Teresa Scully told Mr Fogarty that her sister was a pillar of strength, who had helped their mother care for her younger siblings when their father died.

“All Bernie ever wanted to do was to have a little baby of her own, and there was no-one more deserving because all she had done all her

life was give, give, give,” she said.

She explained that the accused and her husband had gone through a number of IVF treatments, with the third resulting in the pregnancy with Emily.

“She just wanted that little baby so much and she was over the moon,” she recalled. “The sun shone over her and no-one could darken her days.”

She said that, soon after was born, it was apparent that Emily had some difficulties and she was eventually diagnosed with microcephaly.

“Her world went black and she was devastated by the news that her little baby was going to struggle in life,” she said.

“Bernie’s instinct was to care,” she said. “With her love, compassion and devotion to that little baby,... she decided to use her expertise as a doctor to improve her life, her outcomes.”

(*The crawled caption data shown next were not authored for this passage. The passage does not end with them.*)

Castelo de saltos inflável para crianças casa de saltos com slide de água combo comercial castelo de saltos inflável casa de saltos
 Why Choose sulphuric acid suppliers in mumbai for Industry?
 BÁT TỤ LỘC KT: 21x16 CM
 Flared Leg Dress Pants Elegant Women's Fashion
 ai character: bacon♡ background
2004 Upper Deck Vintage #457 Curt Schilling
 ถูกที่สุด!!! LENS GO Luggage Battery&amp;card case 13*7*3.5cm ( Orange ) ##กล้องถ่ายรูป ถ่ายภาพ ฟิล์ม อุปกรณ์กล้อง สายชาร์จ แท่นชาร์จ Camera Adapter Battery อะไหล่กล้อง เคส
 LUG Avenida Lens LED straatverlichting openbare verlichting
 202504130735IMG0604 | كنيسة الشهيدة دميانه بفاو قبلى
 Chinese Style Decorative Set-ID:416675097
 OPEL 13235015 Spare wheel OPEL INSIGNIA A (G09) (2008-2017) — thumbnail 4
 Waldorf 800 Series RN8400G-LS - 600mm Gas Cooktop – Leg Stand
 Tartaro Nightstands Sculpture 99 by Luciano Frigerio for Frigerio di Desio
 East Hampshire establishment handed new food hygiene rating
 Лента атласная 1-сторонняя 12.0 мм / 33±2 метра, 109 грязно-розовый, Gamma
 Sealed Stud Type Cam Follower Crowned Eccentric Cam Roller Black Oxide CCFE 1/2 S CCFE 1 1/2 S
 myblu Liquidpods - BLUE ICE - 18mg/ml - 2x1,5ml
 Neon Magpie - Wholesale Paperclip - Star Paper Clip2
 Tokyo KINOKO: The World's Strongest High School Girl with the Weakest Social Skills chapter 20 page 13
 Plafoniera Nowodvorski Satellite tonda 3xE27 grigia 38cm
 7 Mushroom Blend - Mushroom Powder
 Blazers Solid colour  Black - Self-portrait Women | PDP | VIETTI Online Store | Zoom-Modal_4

She said she would spend up to two hours several times a day trying to feed Emily. However, at any moment, Emily could gag and all that food and nutrition would come back up.

She said she went to a number of clinics in England to try to learn more.

“If she came away with one little bit of information to improve Emily’s life, she’d be happy,” she said, mentioning that the pathologist had noticed no contractions of her limbs despite lack of movement.

“That’s all down to Bernie,” she said.

Ms Scully said she had seen Emily have seizures when her sister and niece had gone to stay with her and her three children in England following the death of her husband. He had died in 2008 while serving in Afghanistan.

“It was very frightening, very severe, very distressing for Bernie,” she said. “As a doctor, as a human being, she could never bear to see anyone hurting.”

Ms Scully said that the time leading up to Emily’s death was difficult and exhausting for her sister.

“She was already sleep-deprived over many years,” she said.

When asked about hearing that there would be a murder charge, she said she couldn’t see how anyone could question her sister’s care or what had happened to Emily.

She had earlier told Tara Burns SC, prosecuting, that she had found a bag of wet clothing in her sister’s bedroom a few days after Emily’s death and she had handed it over to the gardai.

“I was very concerned about the wetness of the clothes,” she said.

The trial continues before Mr Justice Patrick McCarthy and a jury of seven women and five men.